In fact, it seems like the outgoing president, in his unlimited craziness, is prepared to stain U.S. democracy with allegations of fraud, inviting petty tyrants from other parts of the world to use similar tactics in their fiefdoms. But will he go to the extreme of skipping the inauguration ceremony?
When Trump became the president of the most stable democracy that we know, it was undeniably a milestone. But in material terms, and in terms of public policy, the damage was limited. The system of checks and balances set up a formidable barrier to his most delusional proposals, including the construction of the wall and massive deportations. Such are the advantages of living in a republic.
On the other hand, the balance is totally negative in the symbolic field. As never before, populism burst into the civic life of a country where centrist politics had predominated, marked by dialogue and negotiation. Already, the red and blue states do not merely indicate electoral preferences; rather, they reflect an existential struggle between sworn enemies. Argentines understand well the scope of this tragedy.
Whether the United States will turn the page depends in large measure on what the Democrats do — much more so than on what the Republicans do or what Trump himself does. Biden’s speech after his victory suggests that the new president understands the challenge: He called for overcoming internal divisions, presenting himself as the president of all the people, not of just one part. It will be crucial now for his base to stick to this.
According to many political analysts, Trump’s electoral success is explained in part by his voters’ experience of humiliation. Tired of the contempt of the “educated” classes, they would have found in the multimillionaire a way to reclaim their values: Trump promised to redeem an identity that many felt was endangered. The country’s base, rising up against the elites. And in many cases, the response of the Democrats exacerbated the reaction, turning the life of the country into cultural trench warfare.

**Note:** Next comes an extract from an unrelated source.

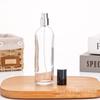 Botella de perfume cilíndrica de 100 ml, transparente, con prensa de vidrio, con pulverizador, tipo bayoneta, vacía.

Rather than appealing to a progressive populist identity politics in opposition to Trumpism, the Democrats should reclaim the liberal arsenal that they inherited from the Enlightenment. The rights of minorities, equality at all levels and the guarantee of fundamental rights all matter because everyone is important.
Affirmative action, integration and the improvement of living conditions are not ways to get vengeance or to retaliate for past injustices, nor do they justify new injustices; they are a genuinely universal imperative. It is up to the Democrats to return to the guidebook for an open society that made the United States a thriving democracy.
Julio Montero is a philosopher, university professor and recipient of the Konex Award for Humanities.